INFORMATION SHOWN:
========

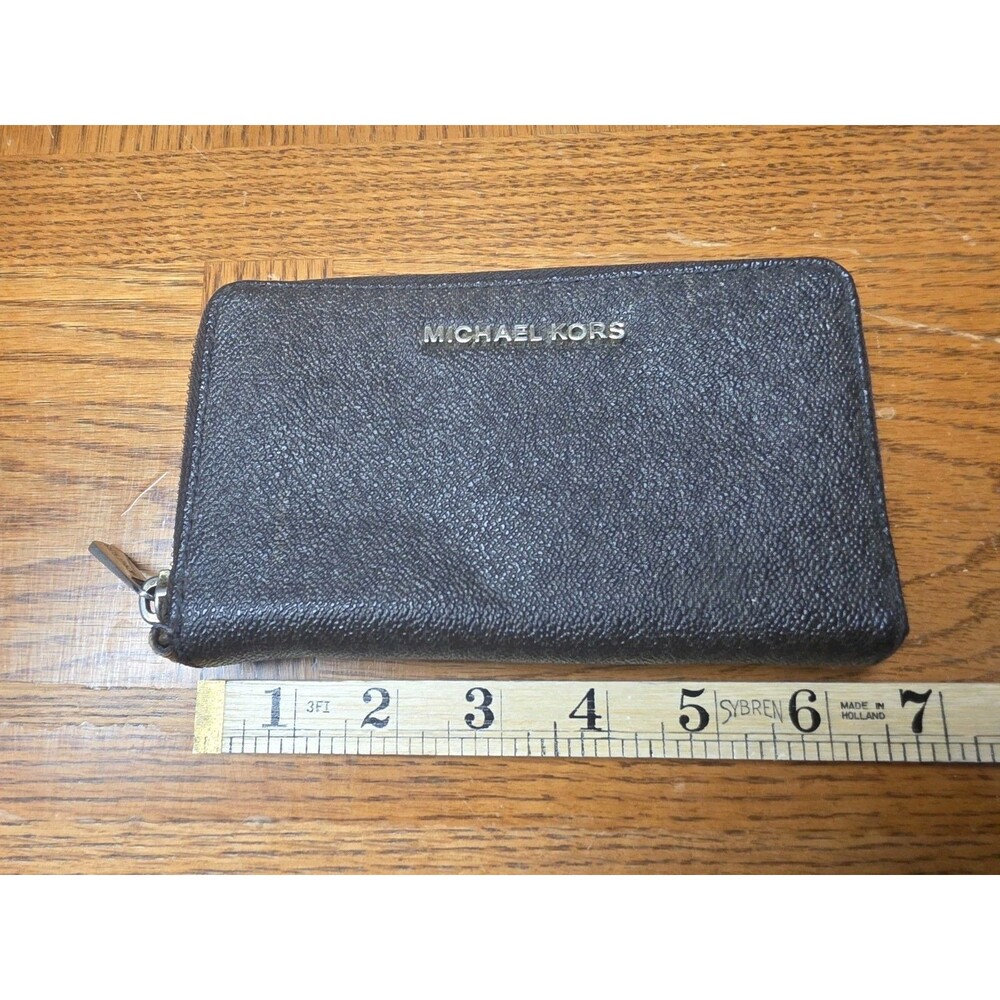 Michael Kors Jet Set Zip Around  Saffiano  Leather  Logo Wallet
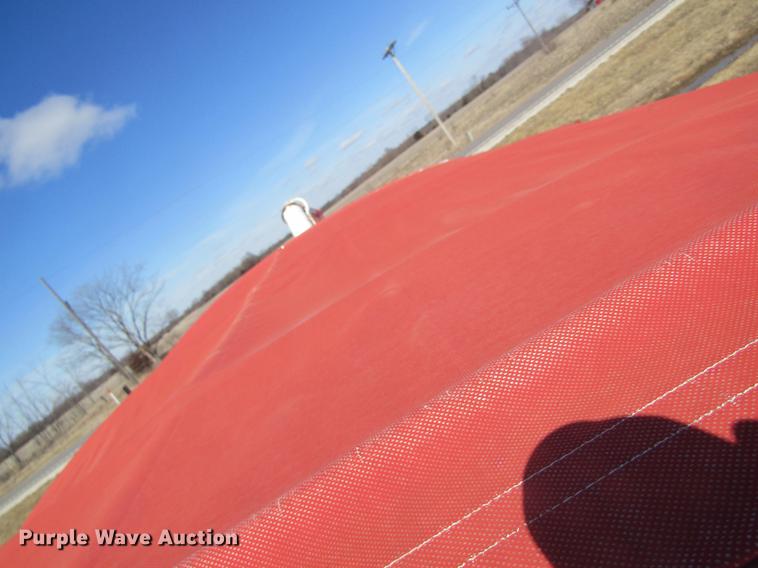 image for item DC4404 1995 Chevrolet Kodiak feed mixer truck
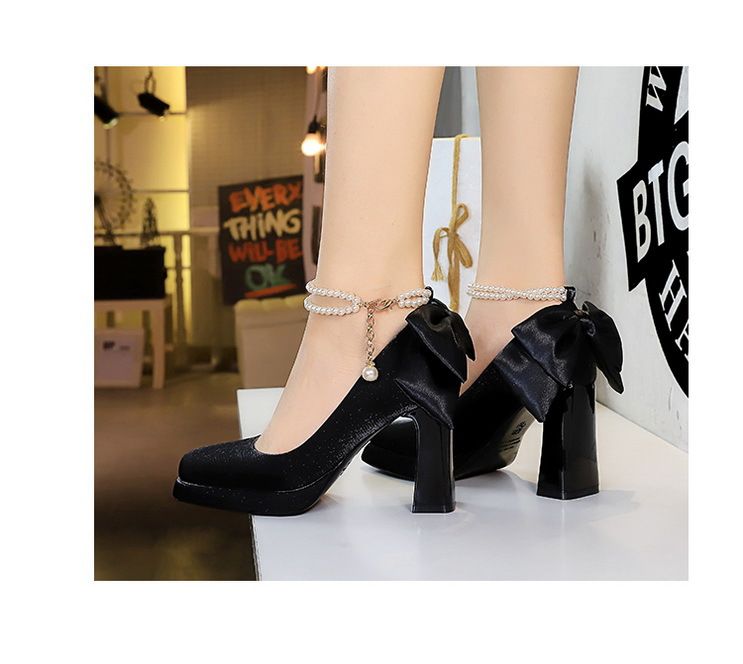 9982-H78TP Französischer kleiner duftender Stil, quadratische Zehenpartie, wasserdichte Plateau-High-Heels mit Schmetterlingsschleife, Perlenkette,_voghion.com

========

Copy out every line of the data exactly, leaving the images behind.

YOUR RESPONSE:
 Michael Kors Jet Set Zip Around  Saffiano  Leather  Logo Wallet
 image for item DC4404 1995 Chevrolet Kodiak feed mixer truck
 9982-H78TP Französischer kleiner duftender Stil, quadratische Zehenpartie, wasserdichte Plateau-High-Heels mit Schmetterlingsschleife, Perlenkette,_voghion.com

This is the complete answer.